- [What is expected]
Only an exact copy of the entries, stripped of pictures, will serve as the answer.

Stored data
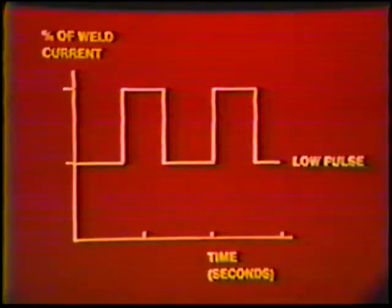The next part of this job practice is to weld with pulsation. This means that the current will be automatically varied between a high and a low value, as explained in topic 12.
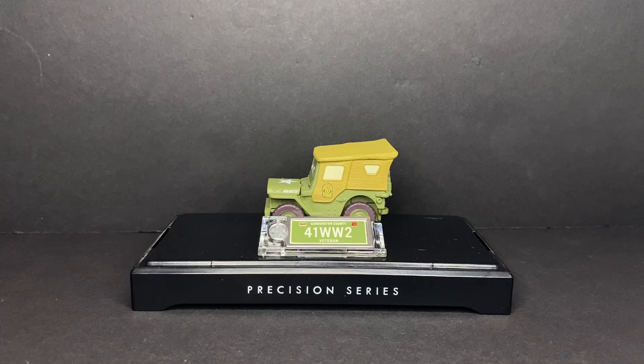Hey everybody, welcome back to another Disney and Pixar Cars diecast video on the NCAP Cars channel. And today, we will be taking a look at the Precision Series Sarge from the Disney and Pixar Cars 2016 diecast line.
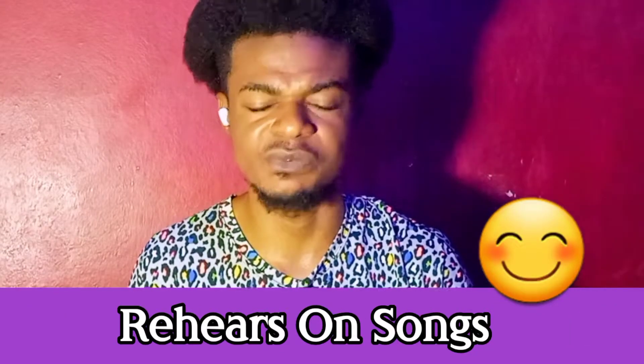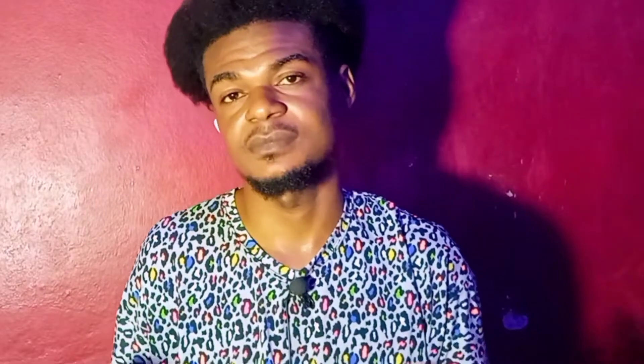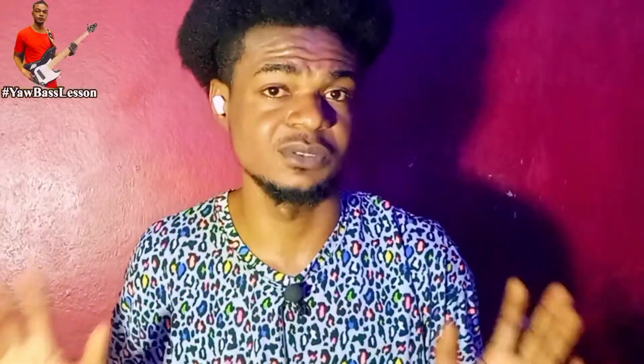Number one: how to be a very good guitarist is to rehearse. When I say rehearse, I mean rehearse a song you haven't heard before. For example, my choir leader gave me a song we have to sing this coming Wednesday. Tomorrow is Monday, so I listen to the song throughout Monday without touching my bass guitar.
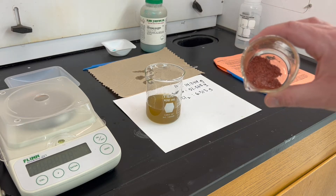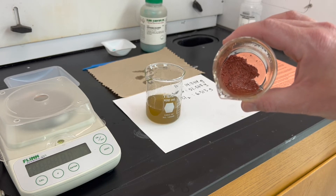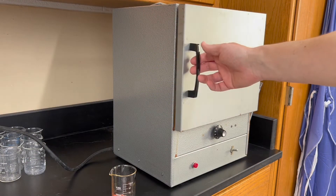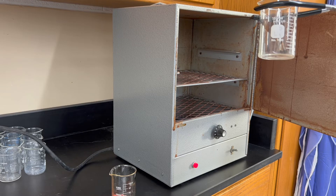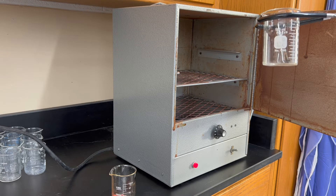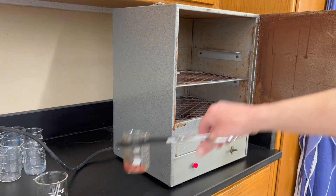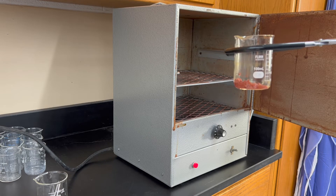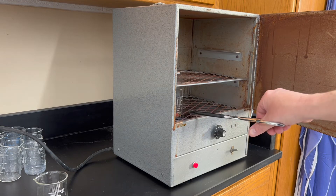Once you've gone through that process three times, your copper should look fairly clean and reddish brown. Then take it over to the drying oven. At this point the iron nails should be fairly dry — remove them using beaker tongs because they will be hot. Hopefully you've labeled your beaker so you know which one is yours, as there will be other people's beakers in the drying oven. Place the copper beaker in the oven as well, since we want to measure the copper's mass without any water adding to it.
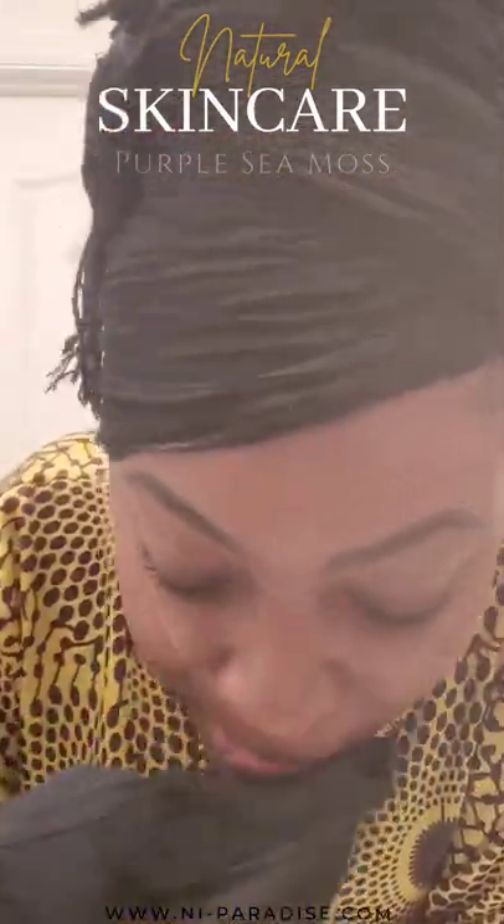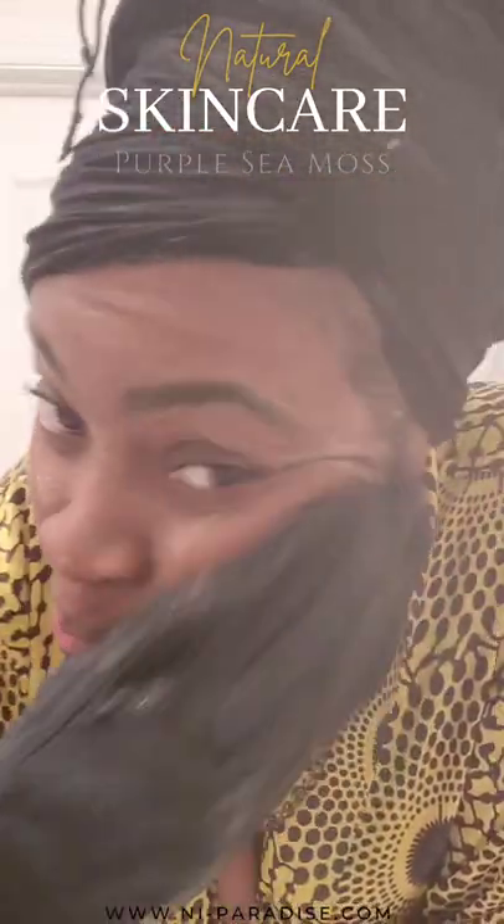So what is sea moss and why add it to your skincare routine? In short, purple sea moss is a form of seaweed called Gracilaria, which naturally grows and is peacefully harvested by hand.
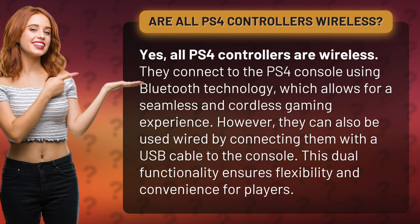However, they can also be used wired by connecting them with a USB cable to the console. This dual functionality ensures flexibility and convenience for players.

- [Answer area]
The next part of this job practice is to weld with pulsation. This means that the current will be automatically varied between a high and a low value, as explained in topic 12.
Hey everybody, welcome back to another Disney and Pixar Cars diecast video on the NCAP Cars channel. And today, we will be taking a look at the Precision Series Sarge from the Disney and Pixar Cars 2016 diecast line.
Number one: how to be a very good guitarist is to rehearse. When I say rehearse, I mean rehearse a song you haven't heard before. For example, my choir leader gave me a song we have to sing this coming Wednesday. Tomorrow is Monday, so I listen to the song throughout Monday without touching my bass guitar.
Once you've gone through that process three times, your copper should look fairly clean and reddish brown. Then take it over to the drying oven. At this point the iron nails should be fairly dry — remove them using beaker tongs because they will be hot. Hopefully you've labeled your beaker so you know which one is yours, as there will be other people's beakers in the drying oven. Place the copper beaker in the oven as well, since we want to measure the copper's mass without any water adding to it.
So what is sea moss and why add it to your skincare routine? In short, purple sea moss is a form of seaweed called Gracilaria, which naturally grows and is peacefully harvested by hand.
However, they can also be used wired by connecting them with a USB cable to the console. This dual functionality ensures flexibility and convenience for players.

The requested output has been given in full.